## PROBLEM DESCRIPTION
For the records below, copy exactly the span that begins at the line containing "sobre patines. María" and stops after the line containing "107 W Elder St #C — Photo 10", minus any pictures.

## WORKING DATA
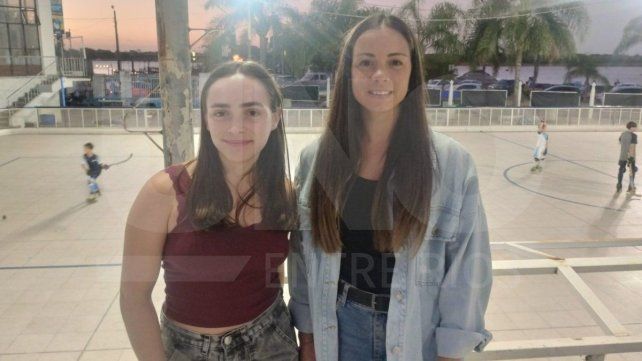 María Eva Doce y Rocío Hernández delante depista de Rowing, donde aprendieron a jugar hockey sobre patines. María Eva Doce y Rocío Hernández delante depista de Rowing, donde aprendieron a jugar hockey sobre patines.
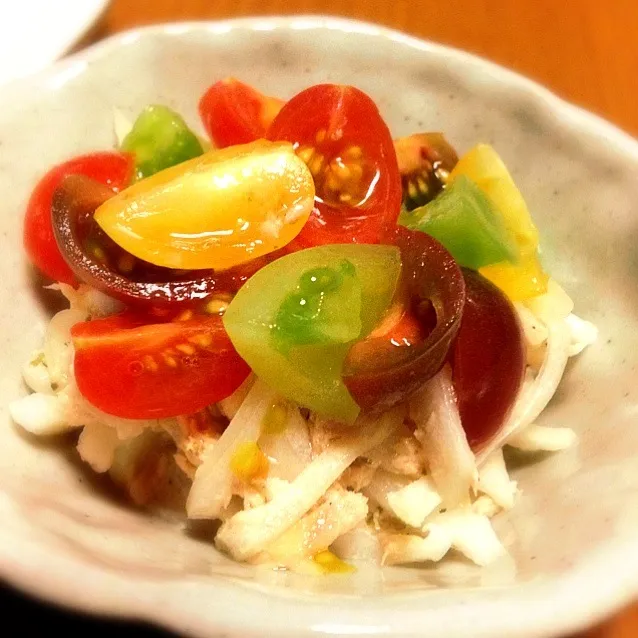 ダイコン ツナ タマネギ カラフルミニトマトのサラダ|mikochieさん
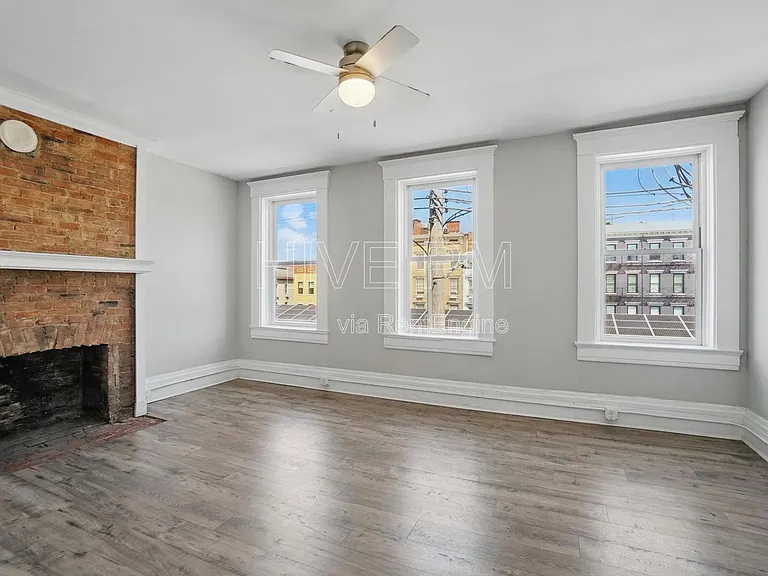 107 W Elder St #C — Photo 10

* * *

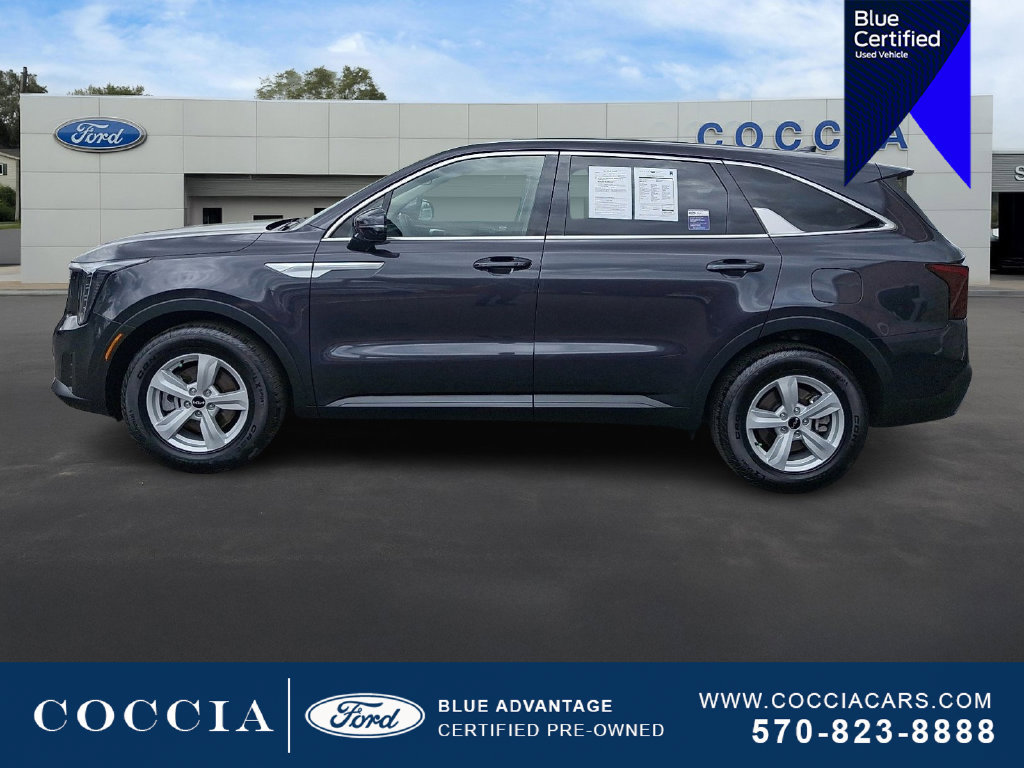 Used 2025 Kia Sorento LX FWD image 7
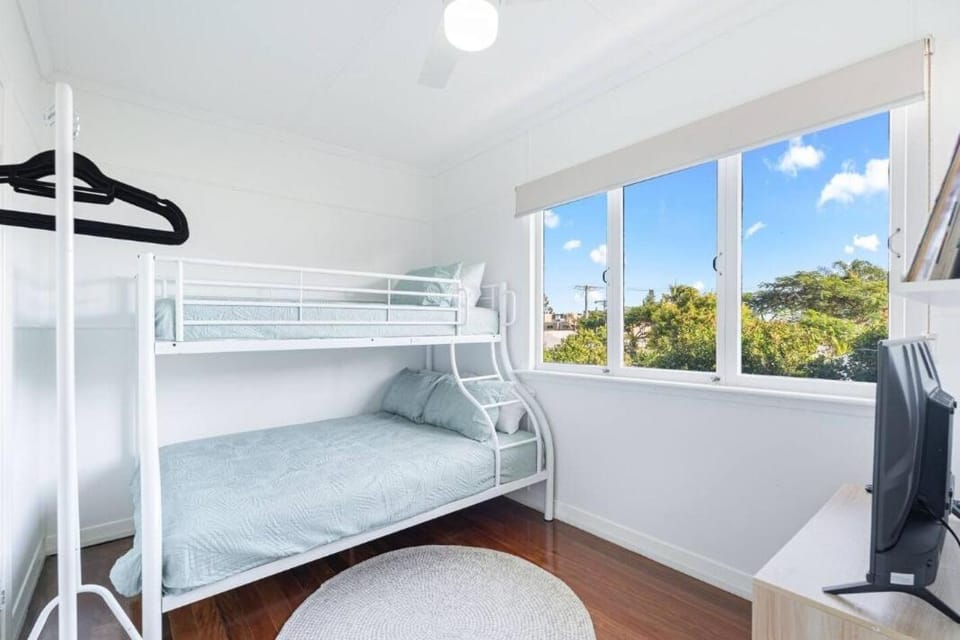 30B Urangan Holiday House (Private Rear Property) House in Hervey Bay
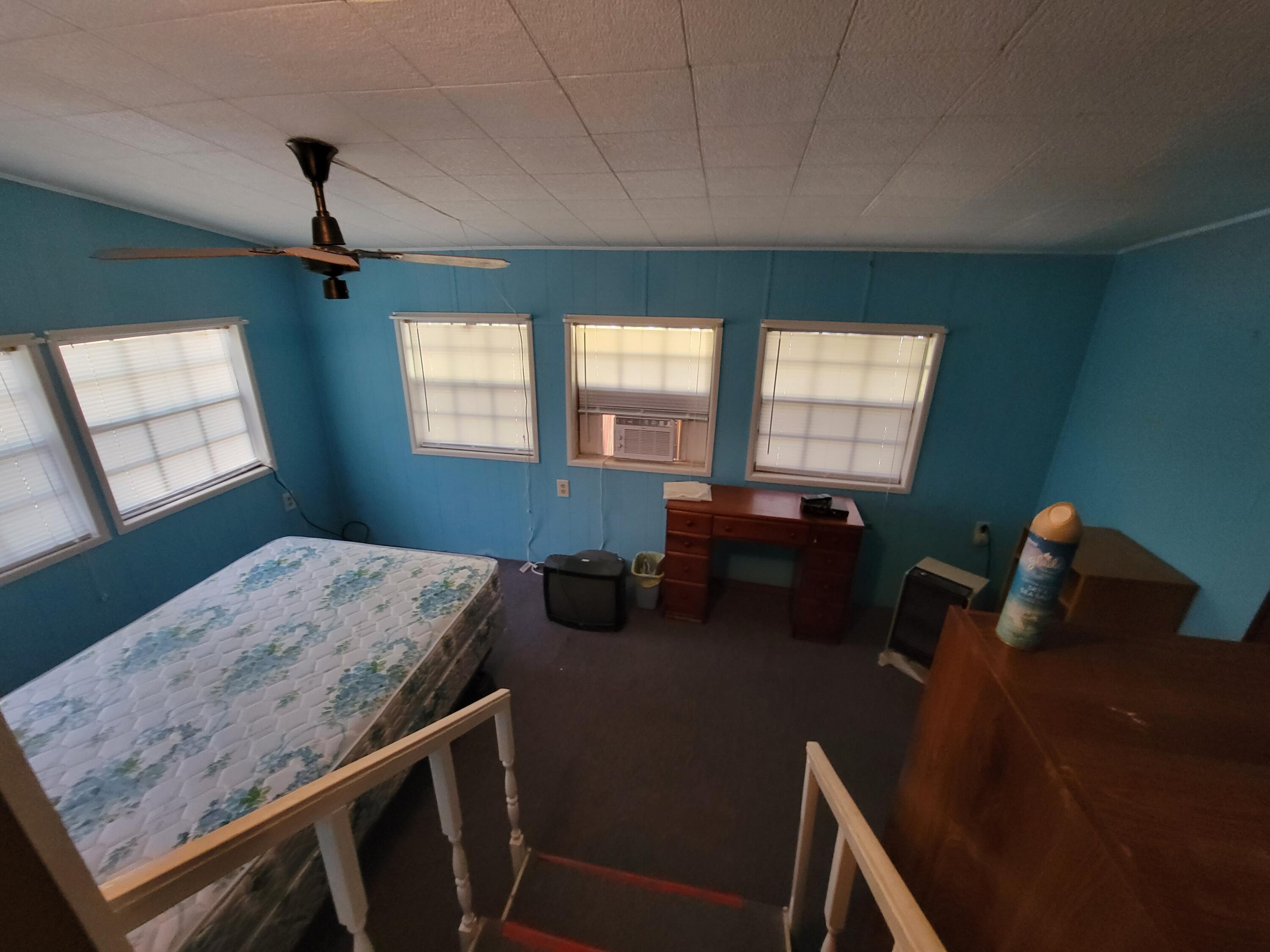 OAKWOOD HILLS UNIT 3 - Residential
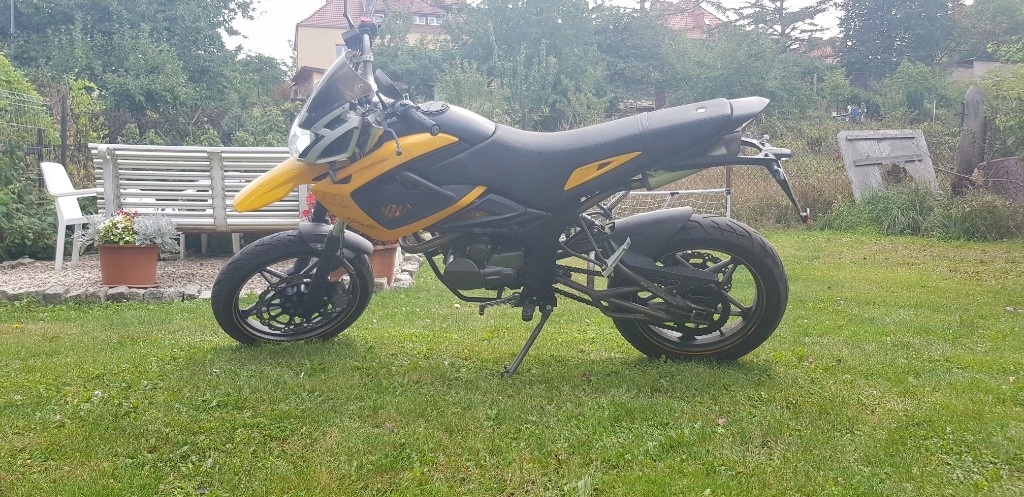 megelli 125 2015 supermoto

...

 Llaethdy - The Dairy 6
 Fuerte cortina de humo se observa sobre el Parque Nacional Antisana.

## WRITTEN RESPONSE
 María Eva Doce y Rocío Hernández delante depista de Rowing, donde aprendieron a jugar hockey sobre patines. María Eva Doce y Rocío Hernández delante depista de Rowing, donde aprendieron a jugar hockey sobre patines.
 ダイコン ツナ タマネギ カラフルミニトマトのサラダ|mikochieさん
 107 W Elder St #C — Photo 10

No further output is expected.